Genialis CEO and co-founder Rafael Rosengarten, PhD, discusses key 2023 AI developments and what they could mean for laboratories.

In many ways, 2023 was the year of artificial intelligence (AI). Though AI technologies are not new, they seemed to take the world by storm last year with products such as ChatGPT being used regularly in a variety of industries. As usual, legislative efforts to regulate such products are far behind their advancement, with the European Union only recently reaching “a provisional agreement” on its Artificial Intelligence Act and the Biden administration issuing an Executive Order to establish standards for AI in the US.1,2 Both the AI Act and Executive Order aim to manage the risks of AI, while ensuring innovation.

Rafael Rosengarten, PhD, chief executive officer and co-founder, Genialis, and founding member of the Alliance for Artificial Intelligence in Healthcare (AAIH), discusses the key issues that remain around AI’s potential uses in healthcare, the biggest AI-related trends of 2023, and what those developments mean for laboratories and other healthcare providers going forward.

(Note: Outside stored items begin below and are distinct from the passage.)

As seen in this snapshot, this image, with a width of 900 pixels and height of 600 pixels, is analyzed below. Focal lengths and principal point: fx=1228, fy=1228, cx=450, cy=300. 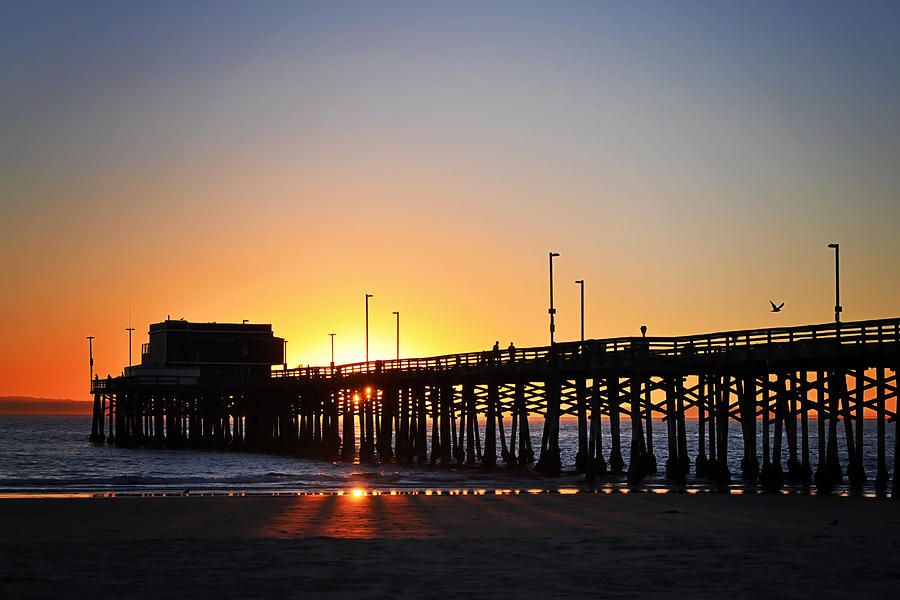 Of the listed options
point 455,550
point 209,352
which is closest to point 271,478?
point 455,550

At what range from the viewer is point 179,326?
94.4m

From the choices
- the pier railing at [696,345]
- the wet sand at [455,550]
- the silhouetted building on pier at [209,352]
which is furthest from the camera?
the silhouetted building on pier at [209,352]

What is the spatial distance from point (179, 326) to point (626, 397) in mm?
60570

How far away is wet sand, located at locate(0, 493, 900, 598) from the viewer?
1439cm

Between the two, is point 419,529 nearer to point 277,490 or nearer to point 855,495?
point 855,495

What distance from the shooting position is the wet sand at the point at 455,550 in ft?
47.2

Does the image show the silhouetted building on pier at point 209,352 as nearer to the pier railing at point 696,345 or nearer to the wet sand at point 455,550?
the pier railing at point 696,345

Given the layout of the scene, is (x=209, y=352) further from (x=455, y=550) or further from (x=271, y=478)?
(x=455, y=550)

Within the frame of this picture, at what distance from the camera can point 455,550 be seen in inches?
693

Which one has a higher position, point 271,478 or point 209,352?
point 209,352

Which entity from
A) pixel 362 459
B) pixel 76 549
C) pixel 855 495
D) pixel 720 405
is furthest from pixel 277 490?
pixel 362 459

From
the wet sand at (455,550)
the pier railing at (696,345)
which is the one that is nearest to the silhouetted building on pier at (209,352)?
the pier railing at (696,345)

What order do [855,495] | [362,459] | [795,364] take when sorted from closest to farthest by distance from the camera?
[855,495] → [795,364] → [362,459]

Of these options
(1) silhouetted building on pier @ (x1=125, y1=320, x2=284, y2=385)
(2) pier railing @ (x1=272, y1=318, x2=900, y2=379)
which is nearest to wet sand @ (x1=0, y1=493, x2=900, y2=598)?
(2) pier railing @ (x1=272, y1=318, x2=900, y2=379) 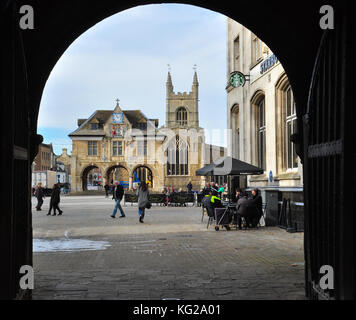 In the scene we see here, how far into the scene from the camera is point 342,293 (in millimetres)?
3705

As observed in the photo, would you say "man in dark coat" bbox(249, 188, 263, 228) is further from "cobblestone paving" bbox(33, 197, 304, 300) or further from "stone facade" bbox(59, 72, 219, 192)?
"stone facade" bbox(59, 72, 219, 192)

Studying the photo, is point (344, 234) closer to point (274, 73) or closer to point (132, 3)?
point (132, 3)

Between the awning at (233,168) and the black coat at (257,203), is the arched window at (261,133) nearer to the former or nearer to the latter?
the awning at (233,168)

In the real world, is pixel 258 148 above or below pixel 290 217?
above

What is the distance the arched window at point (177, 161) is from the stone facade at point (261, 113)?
45.1 meters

Q: What, in your opinion, were the biggest developments in AI in healthcare for 2023?

A: Large language models (LLMs), the basis of ChatGPT, and generative AI exploded onto the scene this year. The emergence of these in the popular Zeitgeist has had ripple effects into healthcare, and has everyone talking. The biggest impact so far is impending policy and regulatory changes. A year ago, those of us pushing for AI technologies in the healthcare space felt like we were struggling to get attention. Now, it’s the opposite and the emergence of AI in the popular discourse has made policy and regulatory implications both imminent and inevitable. In healthcare, neither LLMs nor generative AI has yet made a resounding impact, but they will, give it time. Some molecules produced by generative AI are starting to make their way into the clinic. While judgment on the success or impact of these molecules requires clinical validation, the speed and efficiency of these programs is astounding.

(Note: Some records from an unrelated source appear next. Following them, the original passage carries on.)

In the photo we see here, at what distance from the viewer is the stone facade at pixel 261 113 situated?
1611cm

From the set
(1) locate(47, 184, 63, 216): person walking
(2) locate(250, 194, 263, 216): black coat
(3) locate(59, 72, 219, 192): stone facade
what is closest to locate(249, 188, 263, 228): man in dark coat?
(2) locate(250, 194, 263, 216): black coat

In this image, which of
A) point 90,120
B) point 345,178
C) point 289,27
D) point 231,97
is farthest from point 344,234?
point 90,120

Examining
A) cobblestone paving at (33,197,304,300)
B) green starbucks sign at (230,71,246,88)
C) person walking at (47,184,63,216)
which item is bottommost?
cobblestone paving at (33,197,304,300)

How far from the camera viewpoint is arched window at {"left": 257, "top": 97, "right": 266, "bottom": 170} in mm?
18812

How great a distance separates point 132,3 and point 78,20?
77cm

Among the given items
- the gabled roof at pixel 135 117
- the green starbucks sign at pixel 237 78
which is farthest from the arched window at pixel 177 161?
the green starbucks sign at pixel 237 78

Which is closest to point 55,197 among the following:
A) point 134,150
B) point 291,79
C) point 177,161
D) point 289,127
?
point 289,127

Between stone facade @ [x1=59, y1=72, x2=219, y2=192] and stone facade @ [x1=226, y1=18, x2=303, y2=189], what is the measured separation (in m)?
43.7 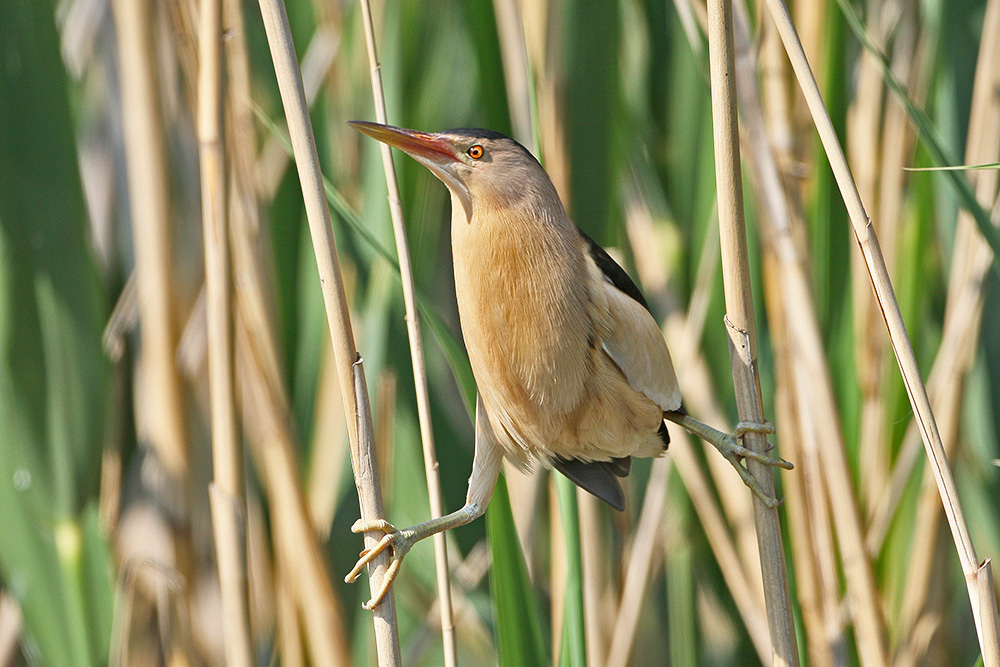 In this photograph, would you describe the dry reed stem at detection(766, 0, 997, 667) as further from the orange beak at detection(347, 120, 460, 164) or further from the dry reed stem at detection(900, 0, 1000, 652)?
the dry reed stem at detection(900, 0, 1000, 652)

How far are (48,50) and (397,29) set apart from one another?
1.32 feet

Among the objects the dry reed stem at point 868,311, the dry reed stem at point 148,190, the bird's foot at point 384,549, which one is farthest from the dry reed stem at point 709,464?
the dry reed stem at point 148,190

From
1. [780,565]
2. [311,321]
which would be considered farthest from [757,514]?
[311,321]

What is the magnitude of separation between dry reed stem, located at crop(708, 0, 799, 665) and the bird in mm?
25

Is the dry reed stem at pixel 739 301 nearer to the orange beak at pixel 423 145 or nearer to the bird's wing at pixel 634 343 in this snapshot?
the bird's wing at pixel 634 343

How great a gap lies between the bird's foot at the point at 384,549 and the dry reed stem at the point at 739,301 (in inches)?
12.2

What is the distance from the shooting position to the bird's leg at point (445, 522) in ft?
2.43

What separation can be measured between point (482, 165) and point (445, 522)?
1.11 feet

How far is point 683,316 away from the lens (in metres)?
1.32

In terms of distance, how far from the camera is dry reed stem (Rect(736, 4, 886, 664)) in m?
1.03

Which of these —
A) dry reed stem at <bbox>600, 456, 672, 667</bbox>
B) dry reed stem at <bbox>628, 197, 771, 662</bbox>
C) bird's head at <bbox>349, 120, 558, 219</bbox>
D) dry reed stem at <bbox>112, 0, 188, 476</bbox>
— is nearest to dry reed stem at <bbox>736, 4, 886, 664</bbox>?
dry reed stem at <bbox>628, 197, 771, 662</bbox>

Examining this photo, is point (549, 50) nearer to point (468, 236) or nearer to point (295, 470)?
point (468, 236)

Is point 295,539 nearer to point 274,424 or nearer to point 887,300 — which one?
point 274,424

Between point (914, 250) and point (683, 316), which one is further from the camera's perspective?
point (683, 316) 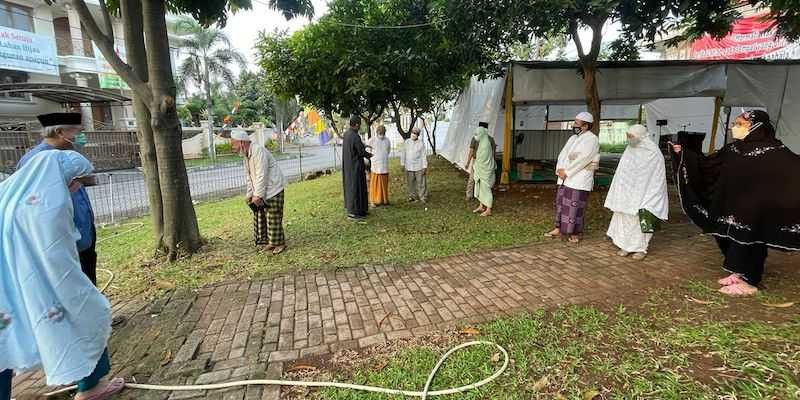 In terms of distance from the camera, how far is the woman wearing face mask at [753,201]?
126 inches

Q: Why were those developments so important for the healthcare industry?

A: Generative AI is exciting to me because we can now generate all new molecules with better therapeutic properties—or even make digital replicas of whole patients for the purpose of clinical study. These developments will allow us to address areas that have previously gone unaddressed.

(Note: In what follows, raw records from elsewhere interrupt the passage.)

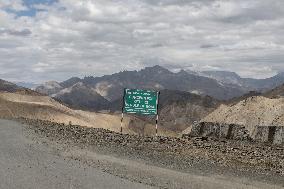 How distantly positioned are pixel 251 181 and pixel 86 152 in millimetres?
7523

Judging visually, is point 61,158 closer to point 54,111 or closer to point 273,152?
point 273,152

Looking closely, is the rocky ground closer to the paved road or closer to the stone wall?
the paved road

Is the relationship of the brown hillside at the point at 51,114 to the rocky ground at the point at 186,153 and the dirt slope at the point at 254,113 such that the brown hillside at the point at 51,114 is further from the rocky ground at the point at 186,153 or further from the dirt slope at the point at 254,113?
the rocky ground at the point at 186,153

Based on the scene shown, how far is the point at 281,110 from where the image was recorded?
5784cm

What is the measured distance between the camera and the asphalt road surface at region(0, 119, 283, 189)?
13.4m

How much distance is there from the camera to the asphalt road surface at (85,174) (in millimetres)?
13398

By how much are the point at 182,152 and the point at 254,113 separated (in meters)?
40.2

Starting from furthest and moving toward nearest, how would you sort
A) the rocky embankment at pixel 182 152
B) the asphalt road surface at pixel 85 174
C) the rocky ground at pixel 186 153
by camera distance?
the rocky embankment at pixel 182 152
the rocky ground at pixel 186 153
the asphalt road surface at pixel 85 174

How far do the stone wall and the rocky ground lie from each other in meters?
4.31

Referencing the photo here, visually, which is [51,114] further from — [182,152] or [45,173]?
[45,173]

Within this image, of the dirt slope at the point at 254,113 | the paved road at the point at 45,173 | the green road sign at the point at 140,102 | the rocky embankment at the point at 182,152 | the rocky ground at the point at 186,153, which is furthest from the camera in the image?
the dirt slope at the point at 254,113

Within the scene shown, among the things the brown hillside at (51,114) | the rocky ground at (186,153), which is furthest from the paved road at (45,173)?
the brown hillside at (51,114)

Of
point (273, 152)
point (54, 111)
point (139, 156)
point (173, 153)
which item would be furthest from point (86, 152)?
A: point (54, 111)

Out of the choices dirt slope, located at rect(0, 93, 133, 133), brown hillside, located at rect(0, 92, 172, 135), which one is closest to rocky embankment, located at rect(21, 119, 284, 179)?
brown hillside, located at rect(0, 92, 172, 135) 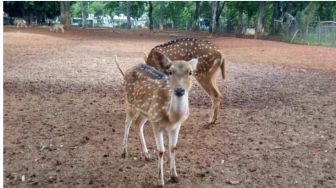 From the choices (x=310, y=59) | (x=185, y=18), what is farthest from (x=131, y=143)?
(x=185, y=18)

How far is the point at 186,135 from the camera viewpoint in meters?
5.70

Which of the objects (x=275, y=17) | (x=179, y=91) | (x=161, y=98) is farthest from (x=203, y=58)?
(x=275, y=17)

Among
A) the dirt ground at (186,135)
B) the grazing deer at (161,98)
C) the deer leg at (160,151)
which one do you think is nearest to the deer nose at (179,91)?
the grazing deer at (161,98)

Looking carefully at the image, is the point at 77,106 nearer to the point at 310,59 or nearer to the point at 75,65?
the point at 75,65

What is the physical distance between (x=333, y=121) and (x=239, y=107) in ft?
5.01

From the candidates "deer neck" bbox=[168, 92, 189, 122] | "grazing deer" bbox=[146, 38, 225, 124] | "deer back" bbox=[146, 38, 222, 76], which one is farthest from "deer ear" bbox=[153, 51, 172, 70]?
"deer back" bbox=[146, 38, 222, 76]

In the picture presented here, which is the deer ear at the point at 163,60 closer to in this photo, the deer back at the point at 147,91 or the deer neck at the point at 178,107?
the deer neck at the point at 178,107

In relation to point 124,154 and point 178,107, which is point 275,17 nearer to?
point 124,154

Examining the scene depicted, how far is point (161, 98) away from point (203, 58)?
2.44 m

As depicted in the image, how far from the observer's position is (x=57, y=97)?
25.0ft

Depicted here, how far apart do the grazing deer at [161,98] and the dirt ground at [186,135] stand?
0.40 metres

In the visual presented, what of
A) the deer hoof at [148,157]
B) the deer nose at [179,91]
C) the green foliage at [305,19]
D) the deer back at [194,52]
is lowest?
the deer hoof at [148,157]

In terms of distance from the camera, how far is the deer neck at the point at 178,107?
12.6 ft

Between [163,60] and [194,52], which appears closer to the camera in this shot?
[163,60] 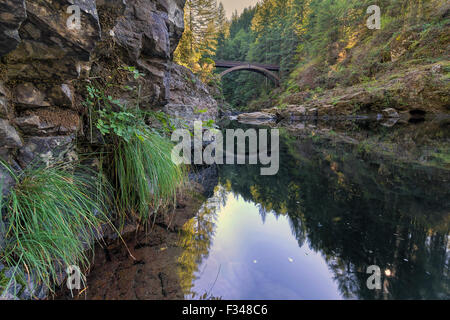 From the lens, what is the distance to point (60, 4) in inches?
55.2

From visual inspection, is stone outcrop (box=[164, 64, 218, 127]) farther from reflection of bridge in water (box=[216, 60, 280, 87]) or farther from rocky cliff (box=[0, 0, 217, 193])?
reflection of bridge in water (box=[216, 60, 280, 87])

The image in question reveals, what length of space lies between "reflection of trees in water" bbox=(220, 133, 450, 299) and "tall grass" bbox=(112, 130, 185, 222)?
135cm

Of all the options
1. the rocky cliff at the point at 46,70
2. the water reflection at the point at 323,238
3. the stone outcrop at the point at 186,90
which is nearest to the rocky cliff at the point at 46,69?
the rocky cliff at the point at 46,70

The policy and regulatory changes are significant because these will set boundaries and either speed or impede innovation. Our existing framework for evaluating whether drugs and diagnostic devices are safe and efficacious, as at the FDA and EMA [European Medicines Agency], is a bar that shouldn’t change depending on whether the drug is discovered by an AI or by a human. The drug or test still must work. The question becomes, do we need additional regulatory safeguards in the healthcare sphere because AI is now so prominent?

One area where we may need to raise the bar is healthcare-related consumer goods and applications that are currently unregulated. These include, for example, at-home genetic testing kits or wearables and mobile phone apps. People make healthcare decisions based on results they get using these types of products without necessarily relying on the guidance of physicians or medical consensus. One can imagine any number of “diagnose yourself chatbots” that people might use themselves instead of going to the doctor, and therefore these do need the watchful eye of consumer protection.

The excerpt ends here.